Welcome to Doom9's Forum, THE in-place to be for everyone interested in DVD conversion.

Before you start posting please read the forum rules. By posting to this forum you agree to abide by the rules.

 

Go Back   Doom9's Forum > Video Encoding > New and alternative video codecs

Reply
 
Thread Tools Search this Thread Display Modes
Old 13th July 2007, 05:35   #21  |  Link
akupenguin
x264 developer
 
akupenguin's Avatar
 
Join Date: Sep 2004
Posts: 2,392
Each pixel depends on its left, top, and topleft neighbors. I can't load consecutive pixels in an mmreg because that violates the left dependency, but I can load a diagonal stripe into an mmreg.

Pixels in their logical arrangement in a frame, with one register's worth highlighted:

How I'd store the temporary values in memory:

Cost: one extra transpose operation (the other transpose is free, since the bitstream parser has to store pixels one by one into an array anyway.)

Last edited by akupenguin; 13th July 2007 at 05:43.
akupenguin is offline   Reply With Quote
Old 13th July 2007, 08:55   #22  |  Link
MiroLx
Registered User
 
Join Date: Nov 2006
Posts: 51
I don't know if this applies to MLC, but entropy coding isn't the only reason huffyuv decoding is slower than encoding. There's also the pixel prediction algorithm: when encoding, all pixels are independent so they can be predicted in parallel with SIMD, whereas when decoding each pixel depends on the previous so they have to run in series with latency-bound scalar math.
I have some ideas about how to fix this, but they can't be implemented without changing the bitstream. Maybe some future version of ffvhuff.


Thanks for your explanation akupenguin. I don't use SIMD in
MLC (maybe futere version).

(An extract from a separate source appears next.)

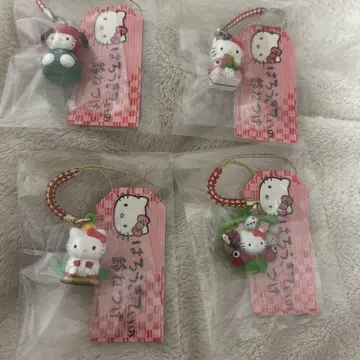 헬로키티 방울 끈 장식 거울 떡, 곰, 사자춤, 마네키네코 & 도미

If I understand it right you are able to use bytes for calculations, but numbers in MLC are bigger (32bit) in most cases so the advantage of SIMD is falling down. I am also waiting for Barcelona (desktop version) but AMD seems to have some problems recently...
MiroLx is offline   Reply With Quote
Old 13th July 2007, 10:11   #23  |  Link
akupenguin
x264 developer
 
akupenguin's Avatar
 
Join Date: Sep 2004
Posts: 2,392
32bit numbers still get 4x parallelism from SSE*, just not as much as the 16x that bytes get.
BTW, how do you get 32bit numbers out of video with 8bit colordepth? I can't think of any process that would add so much dynamic range without impeding lossless compression.
akupenguin is offline   Reply With Quote
Old 13th July 2007, 11:48   #24  |  Link
MiroLx
Registered User
 
Join Date: Nov 2006
Posts: 51
Quote:
Originally Posted by akupenguin View Post
32bit numbers still get 4x parallelism from SSE*, just not as much as the 16x that bytes get.
BTW, how do you get 32bit numbers out of video with 8bit colordepth? I can't think of any process that would add so much dynamic range without impeding lossless compression.
No nothing like that. It's index to context model, which has to be big. So at the beginning there are 8bit color numbers and at the end 32bit index numbers. But you are right 4x parallelism is still better than none.
MiroLx is offline   Reply With Quote
Old 15th July 2007, 09:08   #25  |  Link
Dark Shikari
x264 developer
 
Dark Shikari's Avatar
 
Join Date: Sep 2005
Posts: 8,666
Quote:
Originally Posted by akupenguin View Post
That's because the LZ sliding window is a half-assed version of inter prediction. But LZ fails compared to real inter prediction because (a) it's line based instead of block based, so each motion vector has to be specified many times, and (b) it has no subpixel interpolation
You're right about that: in fact, except in the case of actual constant image data between frames, LZMA fails to provide any benefit for inter compression at all. Therefore any LZMA codec would be intra-only like HuffYUV or Lagarith, as inter-frame compression with LZMA would basically be useless.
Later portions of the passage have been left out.